Guest Column | January 29, 2015

Solving Uncertainty: Using Big Data To Predict Urban Water Demand

bigdataslide

Data-rich utilities have the tools to forecast urban water demand, but some key considerations are often overlooked when creating models. Learn the pitfalls and how to resolve them.

By John Quilty

Urban water demand (UWD) fore­casting is an important task that can be utilized by water resources managers to help mitigate consequences stemming from fluctuations in demand and properly respond to water system dynamics at varying scales and lead times, ensuring appropriate operational, tactical, and strategic management of the water system. UWD forecasting can be applied to solve a number of issues faced by water supply system manage­ment such as: 1) understanding the dynamics and underlying factors that affect water use; 2) managing and opti­mizing the operation of pumps, wells, reservoirs, and mains, among other things; 3) developing effective water demand management programs; 4) set­ting meaningful water rate schedules; and 5) providing information regard­ing when peak water demand is likely to occur (Adamowski, et al., 2012).

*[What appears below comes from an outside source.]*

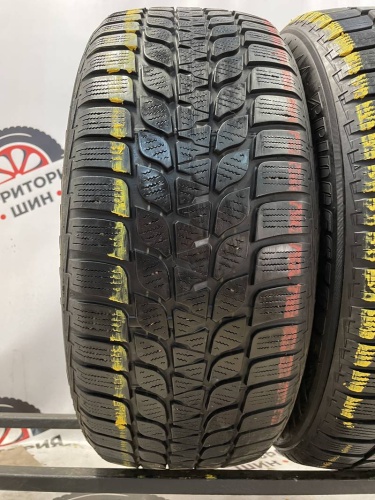 Bridgestone Blizzak LM-25 R17 215/55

Recently, House-Peters & Chang (2011) explored the UWD modeling literature from the past three decades and identi­fied four themes that are important. In this regard, we discuss two of these top­ics that are relevant to this article: (1) interactions within and across multiple temporal scales, and (2) acknowledge­ment and quantification of uncertainty. To understand the broad context of UWD forecasting applications at differ­ent scales, Donkor, et. al (2014) sum­marized their findings related to the planning level that the forecasts can support as the following three catego­ries: operational, tactical, and strategic (presented in Table 1). Most recently, it was identified through a survey of wa­ter utilities under the Water Research Foundation’s co-funded project on short-term UWD forecasting (Fullerton, Forthcoming) that water utilities’ most crucial need for short-term forecast­ing is tied to revenue and expenditure projections. Generally, the most preva­lent billing cycles occur at monthly, bimonthly, and quarterly periods.

Undoubtedly, we are operating water systems in the age of Big Data, where sensing technology is prevalent and the ability to store and process large amounts of data are advancing at expe­dited rates (Courtney, 2014). Further­more, with advances in the domain of machine learning, data-based forecasting is often used in water resources applica­tions to solve challenging problems with non-trivial mathematical expressions (Maier, et al., 2010). To merge the on­going advancements in the UWD mod­eling domain with the forecast require­ments of the water utility and the water industry trend of Big Data analytics, it is clear that we require a refined forecast­ing procedure that is not only accurate and reliable but suitable for Big Data applications. It is essential that this fore­casting procedure captures the changing dynamics of the water supply system at multiple scales, identifies sources of uncertainty in derived forecasts, and is amenable to Big Data scenarios (i.e., a method that requires little user interven­tion and rapid computing potential).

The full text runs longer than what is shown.